Cette férue de lecture — « la littérature est ma vie… les livres ont tout changé pour moi ; ils m’ont donné un nouvel univers, un exutoire à mes craintes et mes inquiétudes » — a étudié comme matières principales pour sa toute première tentative au HSC, la langue anglaise, la langue française et la sociologie. Elle a aussi suivi des cours en Hinduism comme matière subsidiaire, outre le General Paper (GP). Passionnée de William Shakespeare, de Kathryn Mansfield et de Romain Gary, la jeune fille avoue que « je demeure une « classique »… Je trouve que les écrivains contemporains, pas tous, évidemment, mais certains qui écrivent pour les jeunes, sont par moments superficiels ; ils manquent de hauteur. C’est pour cela que je n’adhère pas. Et puis, les sujets sont assez redondants… vampires, etc. Tandis que chez les classiques, on retrouve des thèmes qui sont universels et éternels. Ce sont des lectures « enlightening » ; qui m’inspirent et me ressourcent pour attaquer la vie. » Comment une jeune fille de 19 ans reste le plus longtemps le nez plongé dans ses bouquins tandis que 99 % de ses semblables sont scotchés à leurs cellulaires dernier cri, ordis et autres tablettes ? « La lecture m’a sauvée, concède Keren Poliah. Ce que je pouvais nourrir comme frustrations, en grandissant, les livres m’ont aidée à comprendre et surmonter tout ça ! »
« Le goût pour la lecture lui vient de sa maman… » admet Ketsia Poliah. La mère de la lauréate explique qu’elle « dévore tout ce qui lui tombe sous la main et qui l’aide à se documenter : que ce soit sur l’éducation, la spiritualité, la psychologie, la vie… » Autodidacte, cette mère au foyer explique que « quand Keren était bébé, j’ai abandonné mon job pour m’occuper d’elle. Elle avait à peine deux mois et demi quand j’avais pris cette décision radicale. » Il y a environ deux mois et demi encore, Ketsia Poliah a repris de l’emploi… « C’est comme une coïncidence… Mais mieux encore, une bénédiction, une main divine… Nous sommes très croyants et spirituels dans la famille. » Elle continue : « Comme Keren avait terminé ses études, elle n’a plus autant besoin que je sois régulièrement présente à ses côtés. Durant cette année qui s’est écoulée, je me suis fait un devoir de la déposer à l’école et de l’emmener partout… pour qu’elle ne se fatigue pas physiquement, surtout. » Ketsia Poliah, la voix pleine de larmes, explique comment « quand Keren a grandi, elle m’a dit « tu ne regretteras pas d’avoir sacrifié ta carrière professionnelle. Je te compenserais pour cela… Aujourd’hui (NDLR : hier, à la proclamation des résultats), j’ai reçu cette récompense ! »
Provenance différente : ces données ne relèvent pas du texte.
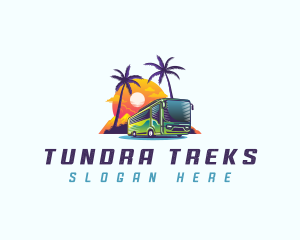 Tropical Shuttle Bus Tour logo design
Au collège SS France Boyer de la Giroday, « nous connaissons le potentiel de Keren », confie Yogita Gobin, enseignante de langue française, les yeux remplis de larmes de joie. Elle encadre la lauréate depuis qu’elle est en form IV. « On priait de tout coeur qu’elle ait une bourse… Et c’est chose faite ! » Pour sa part, M. Valère, membre du personnel non-enseignant, est catégorique : « J’étais quasiment sûr qu’elle allait être lauréate ! » Yogita Gobin, soutenue de Sujata Lolljee, prof de sociologie de Keren Poliah confirment : « C’est une étudiante exemplaire ! L’élève modèle que tout collège rêve d’avoir… Simple et humble, appliquée, calme surtout alors que la majorité des filles sont très chahuteuses, Keren s’est distinguée en restant toujours très lucide et terre à terre. »
Ses amies, les étudiantes Hansini Lallbeehary, Girisha Nemchand et Ishani Neermul, qui étudient les sciences et prennent part aux examens du HSC cette année, approuvent : « Il n’y a pas plus généreuse et affectueuse que Keren ! Il y a une fille, au collège, qui ne peut marcher ou prendre le bus pour venir suivre les cours. Keren et ses parents lui ont donné un « lift » tous les matins… » De plus, soutiennent-elles, « Keren a toujours un mot gentil, un coup de main pour chacune d’entre nous. C’est une jeune fille formidable et qui mérite pleinement cette extraordinaire récompense ! »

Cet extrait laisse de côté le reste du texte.